Engie attendait toujours mardi une offre améliorée de Veolia pour sa part dans Suez, les acteurs de ce feuilleton industriel se montrant de plus en plus fébriles à la veille d'une journée cruciale.
C'est en effet mercredi qu'expire l'offre présentée fin août à Engie par le géant de l'eau et des déchets Veolia pour le rachat de ses parts dans son concurrent historique.
Le groupe énergétique, qui souhaite se recentrer sur ses métiers, s'est vu offrir 2,9 milliards d'euros pour ses 29,9% de participation. Veolia compte ensuite lancer une OPA pour constituer un champion mondial du secteur.
Son PDG Antoine Frérot a promis d'améliorer financièrement son offre avant la date limite de mercredi. "Nous n'avons pas, à l'heure où je vous parle, reçu une nouvelle offre", a indiqué le président d'Engie, Jean-Pierre Clamadieu, aux députés qui l'auditionnaient mardi matin.
Mais "nous sommes aujourd'hui convaincus que le projet industriel est solide, nous sommes convaincus que Veolia est prêt à apporter des garanties en termes d'emploi qui nous satisfont (...)", a-t-il ajouté.
Le direction de Suez, qui refuse la fusion, alerte sur le risque social, assurant que 10.000 postes seraient menacés, dont environ la moitié en France, sur 90.000. Mardi, l'intersyndicale appelle à un rassemblement devant la Tour Engie à La Défense (Hauts-de-Seine), le jour où le tribunal de Paris se penche sur une demande du CSE de suspendre le projet de Veolia.

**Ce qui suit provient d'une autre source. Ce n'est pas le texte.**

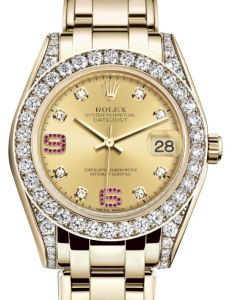 Rolex Pearlmaster 34 Yellow Gold Champagne Diamond & Ruby Arabic Dial & Diamond Set Case & Bezel Pearlmaster Bracelet 81298 - BRAND NEW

- "La proie pour l'ombre" -
Le conseil d'administration d'Engie devrait se pencher sur ce dossier mercredi.
Le fonds Amber Capital, actionnaire du groupe à hauteur de moins de 1%, a fait savoir mardi qu'il aimerait une "décision définitive", afin de créer "un champion européen des services à l'environnement".
M. Clamadieu a laissé entendre qu'il aimerait que la question soit tranchée rapidement, d'autant que Suez n'a pas constitué à ce jour de projet alternatif, avec d'autres investisseurs, lui permettant de sauvegarder son indépendance: sans décision mercredi, "nous lâchons la proie pour l'ombre", a prévenu le patron d'Engie.
"Ma déception, c'est qu'au fil de ces quatre dernières semaines nous n'avons pas vu de seconde offre se constituer... Malheureusement rien de concret n'est arrivé", a-t-il regretté devant les députés.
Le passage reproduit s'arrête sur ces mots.